Robert Stacy McCain is in Wasilla, Alaska, which he describes thusly:

For a town with an official population of 5,468, Wasilla is a bustling community. It’s by no means the backward rural outpost you might imagine. I’m filing this post from a coffee shop that serves organic fair-trade coffee from Columbia, Guatamala, Peru and Bolivia. They’ve got Ethiopian coffee, too, but evidently the “organic fair-trade” craze hasn’t taken hold among East African coffee-growers yet.

Actually, the Census Bureau guesstimated over 10,000 in Wasilla in 2008, which is a heck of a growth rate.
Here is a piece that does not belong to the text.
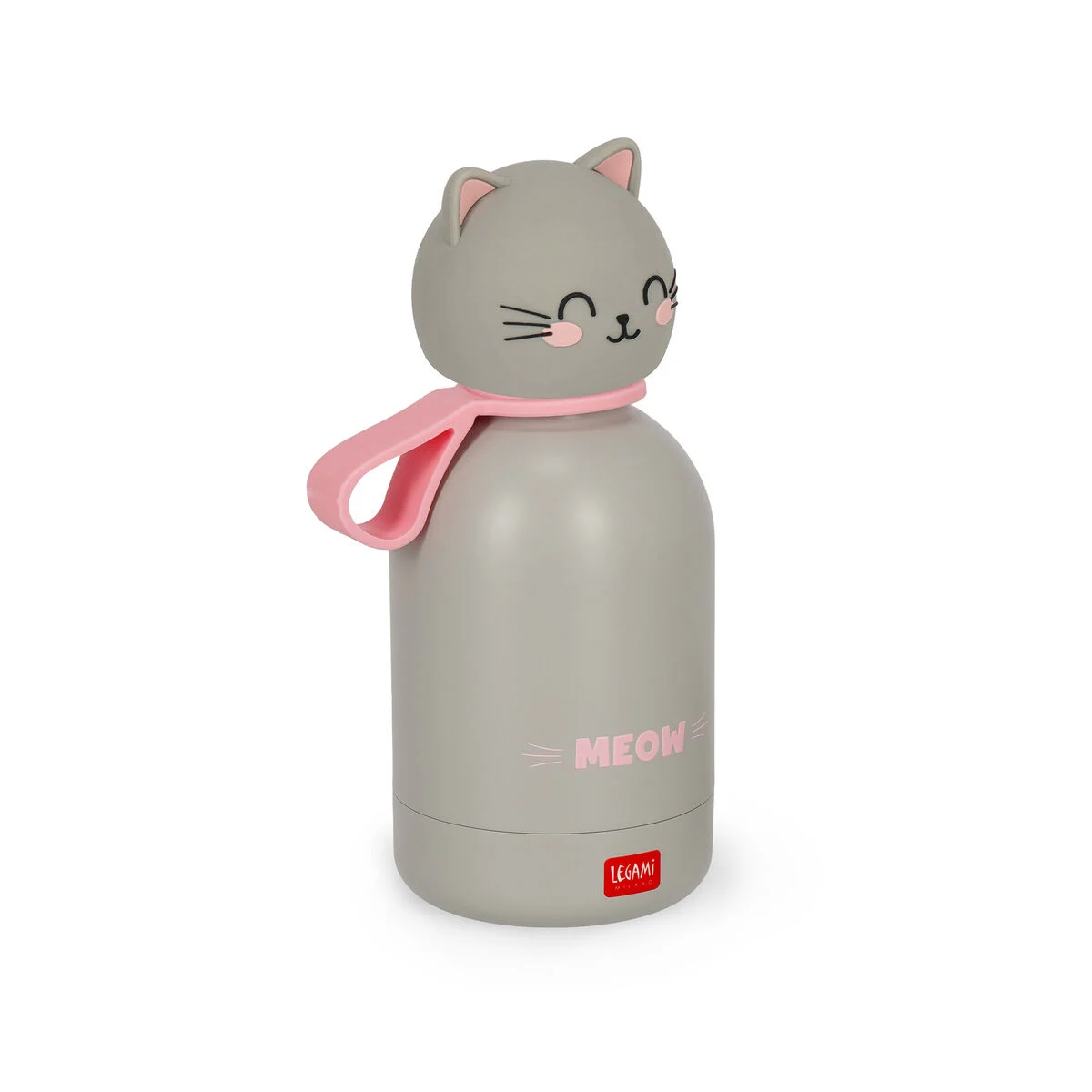 Legami - Garrafa Térmica Infantil - Gatinho - Melhor Amigo para Quente e Frio - Image 3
And it could have been more than that, government being the growth industry (for nonstandard definitions of both “growth” and “industry”) that it is. From 1994:

For the fifth time in two decades, a measure to move the state capital from Juneau, a waterfront city of 26,000 people, to Wasilla, a frontier-like town of 4,000 people, failed, partly because of voter concerns about the cost of the move. This time, 54.7 percent of the voters said no while 45.3 percent were for the change.

This is slightly misleading, because while this indeed was the fifth attempt to move the capital, different initiatives had different destinations in mind. In 1976, for instance, Alaskans actually passed a measure to move the capital to Willow, not far from Wasilla, but they subsequently defeated a measure that would have paid for the move.